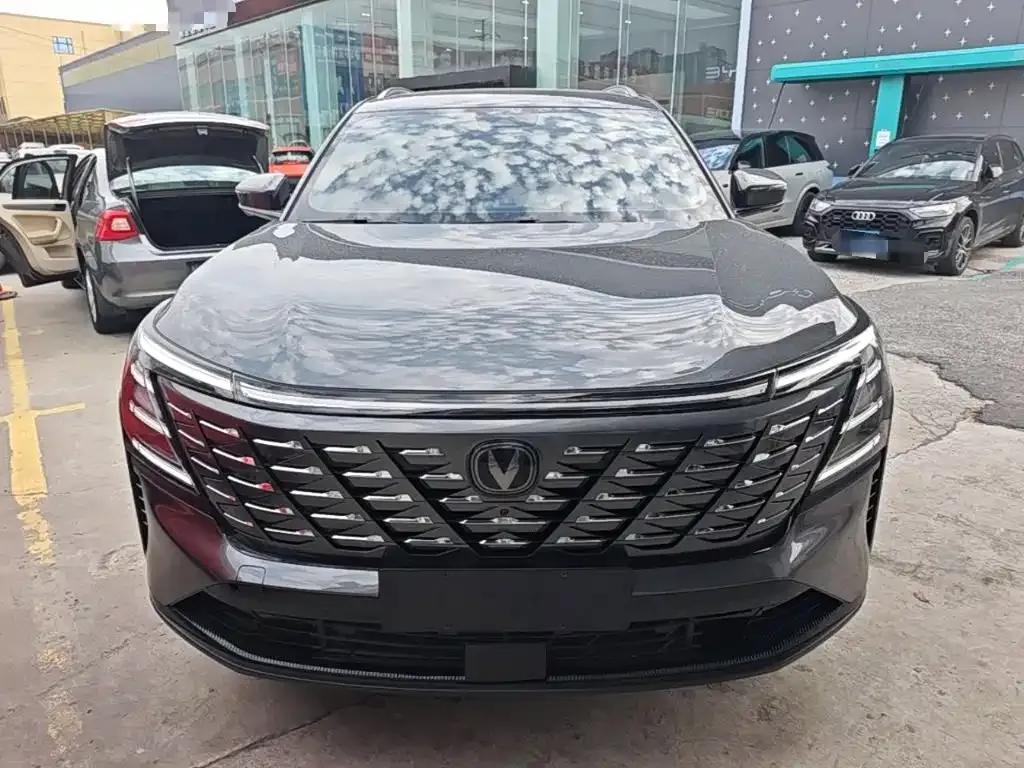 Changan CS75 PLUS — фото 3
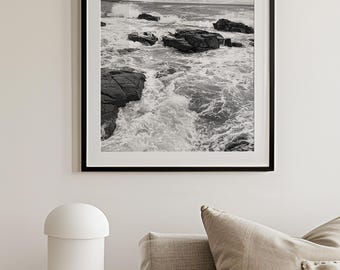 Fotografía oceánica en blanco y negro, 40x60 cm, arte mural costero tranquilo para dormitorio o sala de estar, decoración de pared minimalista y neutra.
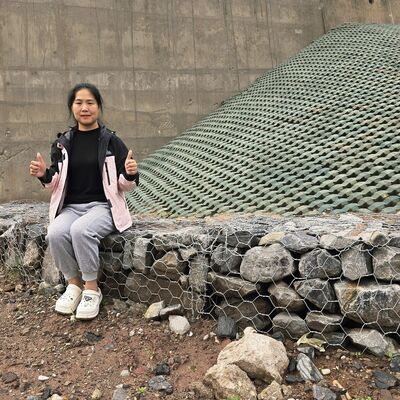 Steen gevulde overstroming Gabion Box Barrier anti roest met 2 * 1 * 1m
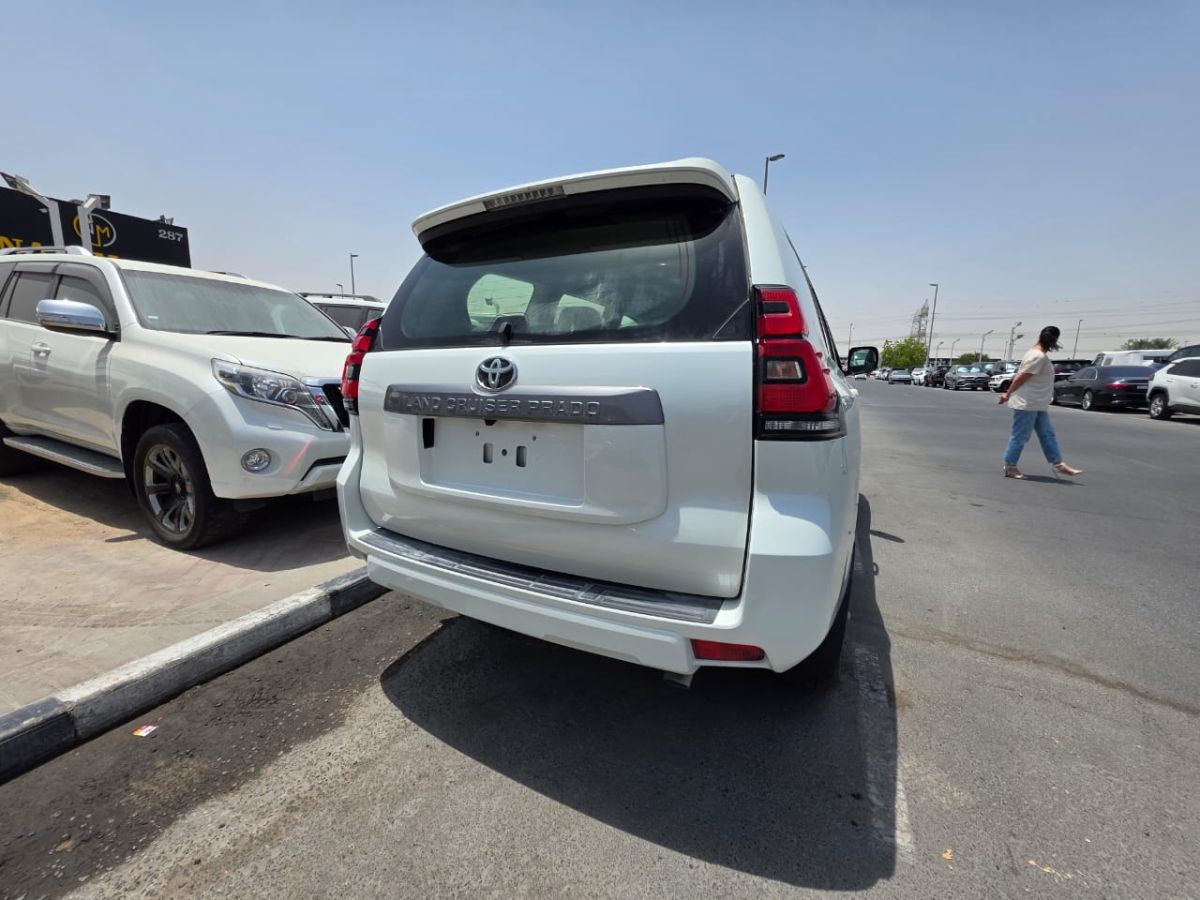 Toyota Prado 2.8L 2023, boîte automatique, diesel, excellent état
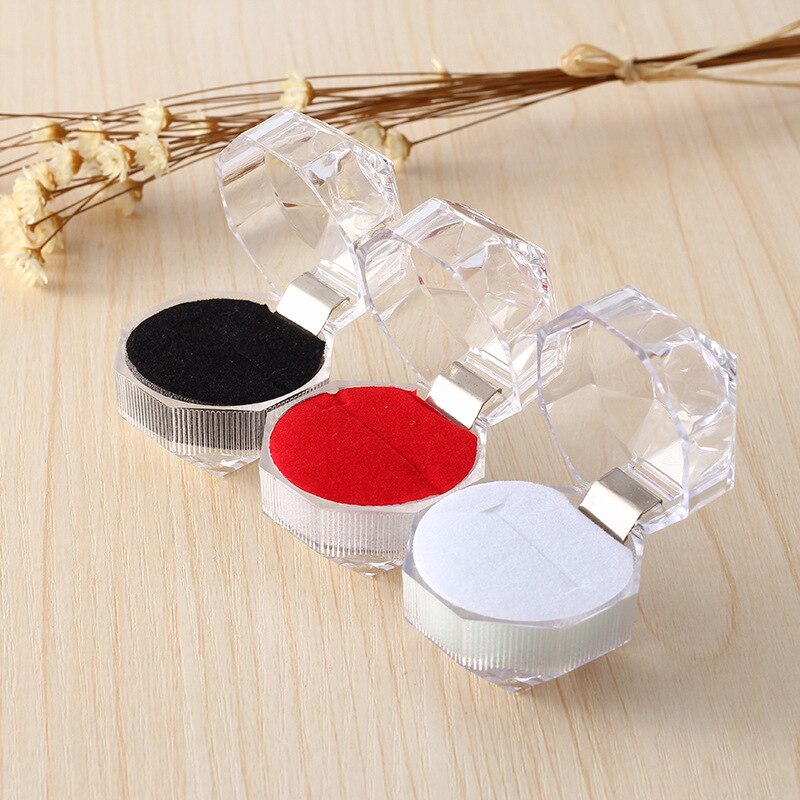 1PC Draagbare Elegante Acryl Transparante Ringen Oorbel Display Box Crystal Bruiloft Sieraden Pakket Box Vitrines 3.8*3.8cm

◆ Work required ◆
Images stay out, but the rest of the data above must be repeated exactly.

◆ Output for this task ◆
 Changan CS75 PLUS — фото 3
 Fotografía oceánica en blanco y negro, 40x60 cm, arte mural costero tranquilo para dormitorio o sala de estar, decoración de pared minimalista y neutra.
 Steen gevulde overstroming Gabion Box Barrier anti roest met 2 * 1 * 1m
 Toyota Prado 2.8L 2023, boîte automatique, diesel, excellent état
 1PC Draagbare Elegante Acryl Transparante Ringen Oorbel Display Box Crystal Bruiloft Sieraden Pakket Box Vitrines 3.8*3.8cm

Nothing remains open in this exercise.